Marisa criticou ainda a postura subserviente de deputados
portugueses ao quedarem-se mudos quando um representante da Finlândia propôs
bandeira de Portugal a meia haste no Parlamento, como sinal de menorização,
sendo contrariado unicamente por ela, Marisa Matias. Quanto à diminuição do
défice, deu um exemplo de perda de receita com 19 empresas do PSI 20 a atuar em
Portugal (que apregoam patriotismo) deslocalizarem-se para efeitos fiscais para
a Holanda, impondo aos residentes, sem opção de escolha, pagar mais impostos para
cobrir os défices. Perguntou onde estava a justiça?
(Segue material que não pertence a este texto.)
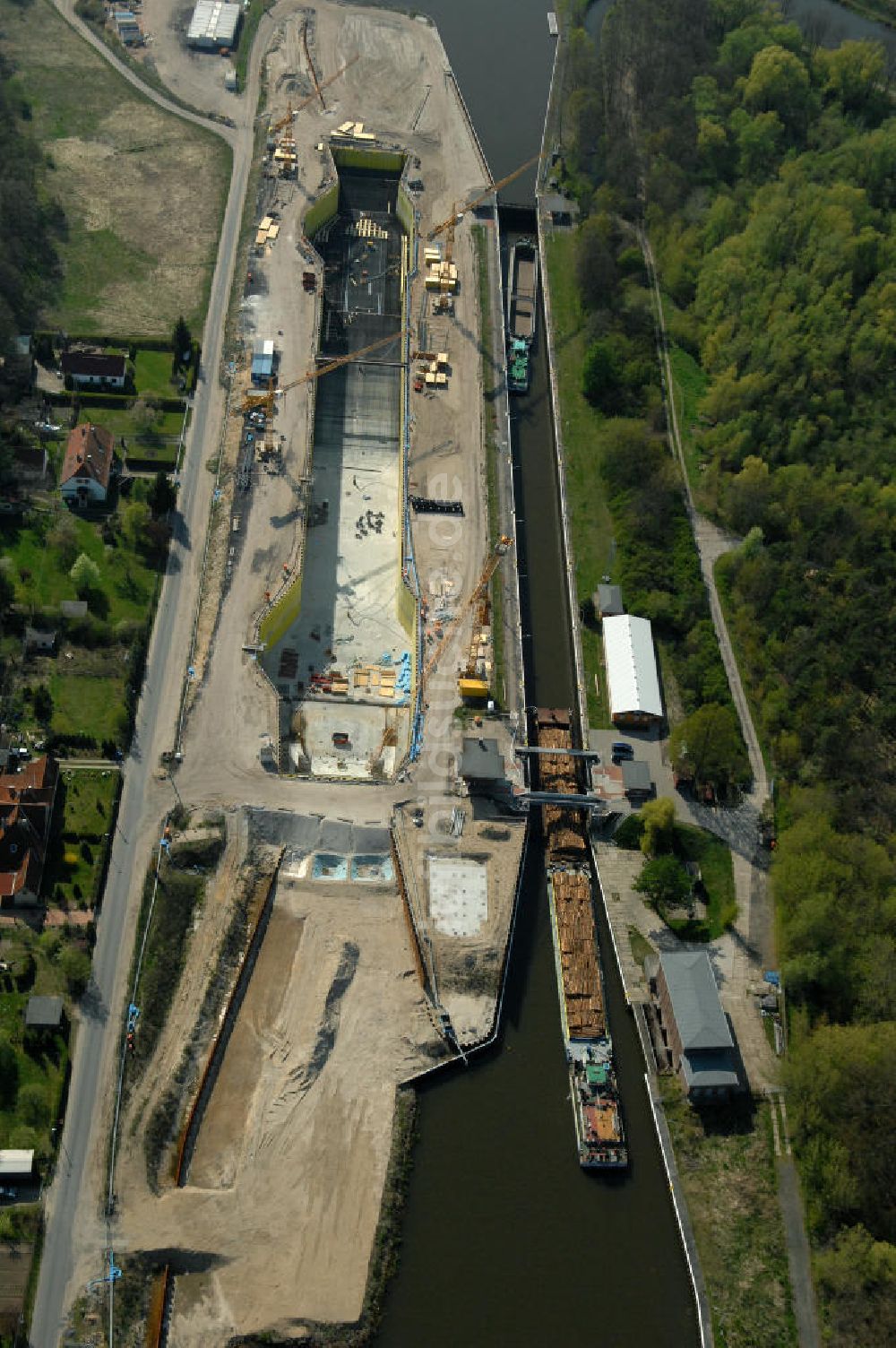 Wusterwitz von oben - Baustelle der 2. Schleuse Wusterwitz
Marisa não aceita o tratado orçamental porque é injusto e
pergunta porque é que a Comissão Europeia é forte com fracos e fraca com fortes
ao não ter igual tratamento sobre os excedentes comerciais, tal como tem sobre
os défices, uma vez que os excedentes comerciais não são mais que o espelho dos
défices, dada a interdependência das economias na UE?
Mário Russo |
De facto, a corroborar esta afirmação de Marisa Matias, não
só com a dívida portuguesa, mas de outros países, como um estudo divulgado pelo
Instituto de Investigação Económica Leibniz, que refere que a Alemanha
"beneficiou claramente com a crise Grega", em mais de 100 mil milhões
de euros. Por outro lado, não se compreende como é que a banca vai buscar
recursos financeiros ao BCE a taxas de 1% para depois especular com dívida
soberana nos países intervencionadas cobrando taxas de mais de 5%, mesmo com
garantias do próprio BCE e da UE. Isto é revelador como é beneficiado o sistema
financeiro privado em detrimento dos povos. Marisa matias diz que há leis que justificam
serem alteradas e este caso é paradigmático.
Um debate que Joaquim Jorge temeu por ser num sábado,
chuvoso, fora do que é habitual, mas que disse ter gostado muito. Eu também
concordo. Foi um debate fácil, concorrido e esclarecedor em muitos aspetos.
Parabéns JJ pela cidadania praticada e já longínqua.